You don't have to tell that to O'Neill, who had an 11-season run on another family sitcom, Married… With Children, which was as critically reviled as Modern Family is revered. Although he loved the series, “that whole show played out on my character's couch,” says O'Neill, who starred as slovenly shoe salesman Al Bundy. “After 265 shows you were begging for mercy."

O'Neill's accomplishment of creating two indelible sitcom fathers is no small feat. “Very few actors have done what Ed has done, which is to have one iconic role and become known to everybody as that character, then take a nice break and do it again with a different character,” says Levitan. “That's a very short list, and it's a testament to Ed's talent."

spinner image A group photo of the cast of Modern Family
ABC/Robert Ashcroft

It will go down as an enduring classic

“People will continue to consume Modern Family in the same way we were consuming The Dick Van Dyke Show, Leave It to Beaver, The Andy Griffith Show and I Love Lucy when I was a kid,” Stonestreet marvels. “That's where we'll be. It's amazing to think that 11 years of work could potentially turn into 20 or 30 or 40 years of entertainment for generations of people."

That's because Modern Family is the best kind of TV comfort food.
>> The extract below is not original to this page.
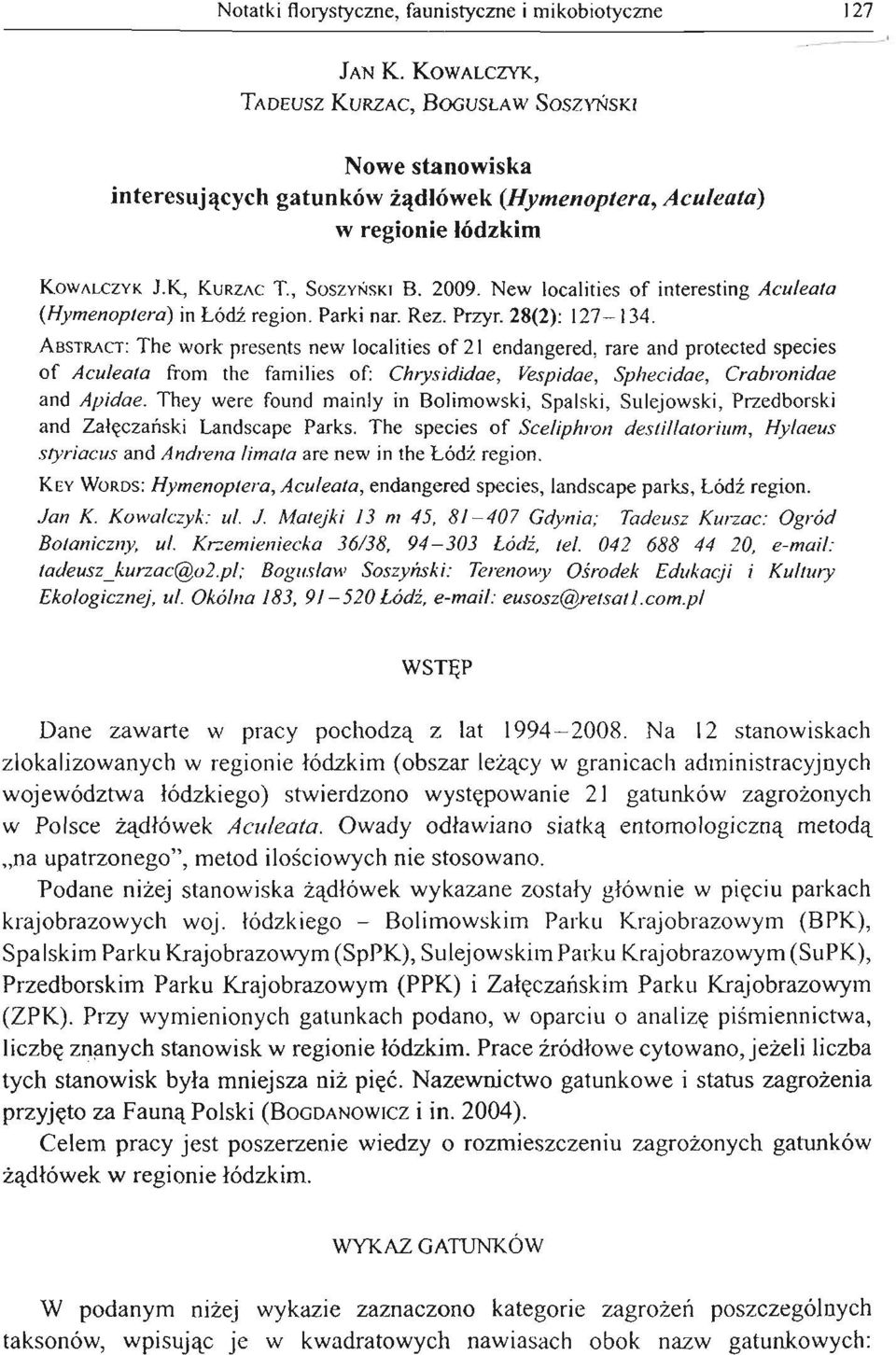 New localiti es of interesring Aculeala (HymenopIera) in Łód ź region. Parki nar. Rez. Przyr. 28(2) : 127-134.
Anytime you turn it on, you feel like you're surrounded by people you love, and that's something we desperately need right now. “We've had a lot of viewers say to us they watched it when they were ill or that it helped them through a particularly tough time,” Burrell says. “That's how I watch comedy, too."

In the end, Modern Family will always be there to make us feel good, even when times are bad. “I hope people remember the extent to which the show made them laugh but also cheered them up in a genuine way,” Lloyd says. “You get to know these characters and feel like they're a part of your family, so when things happen to them, it moves you the same way things do when they happen in real life. We wanted it to be an emotionally rich experience.” Mission accomplished.